> WHAT IS NEEDED: Nothing in the data should be left out or altered when it is retyped.

> DATA EXCERPT:
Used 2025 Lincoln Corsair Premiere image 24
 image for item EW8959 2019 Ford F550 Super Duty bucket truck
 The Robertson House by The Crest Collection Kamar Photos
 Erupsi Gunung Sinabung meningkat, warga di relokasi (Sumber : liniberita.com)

> TASK OUTPUT:
Used 2025 Lincoln Corsair Premiere image 24
 image for item EW8959 2019 Ford F550 Super Duty bucket truck
 The Robertson House by The Crest Collection Kamar Photos
 Erupsi Gunung Sinabung meningkat, warga di relokasi (Sumber : liniberita.com)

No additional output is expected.